Show HN: Psychstudio – Create complex behavioral experiments without programming - psychstudio
https://www.psychstudio.com
======
psychstudio
Hi, I'm Ben Howell, founder of Psychstudio. A while ago, I built a one-off
custom web experiment for linguistic research because I couldn't find any
suitable web application that allowed me to build, host and execute such an
experiment. To my surprise I found that it was almost impossible to build any
novel online experiment on any existing platform without programming.
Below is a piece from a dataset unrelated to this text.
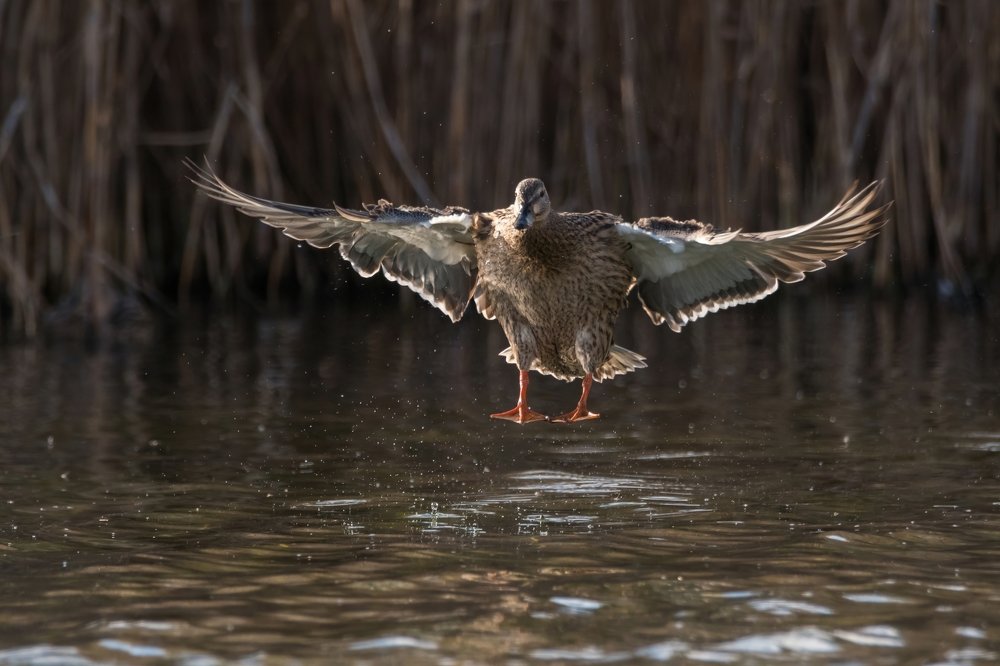 "Закрылки, шасси..."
I trialed a few web-based experiment platforms that claim programming isn't
required, but as soon as I moved past simple demonstration experiments, I was
forced to code (and yes, I consider markdown and writing lines of code in
spreadsheets as programming).

So I interviewed experimental psychologists, and collected papers and
experiment designs from colleagues, friends, advisers and other professionals.
Having confirmed the need for a programming-free way to build and execute
online experiments, I built Psychstudio to address the problem.

Tech-wise, the backend is Clojure and Postgresql, and the client-side is
ClojureScript (reagent, re-frame, sente).

I've learnt a lot in my journey of bringing Psychstudio into the world, and
the absolute rule of "no programming" for the end user has led to some
surprising and powerful features (too many for this comment) that I otherwise
would never have designed or built.

All feedback, advice and criticism is greatly appreciated.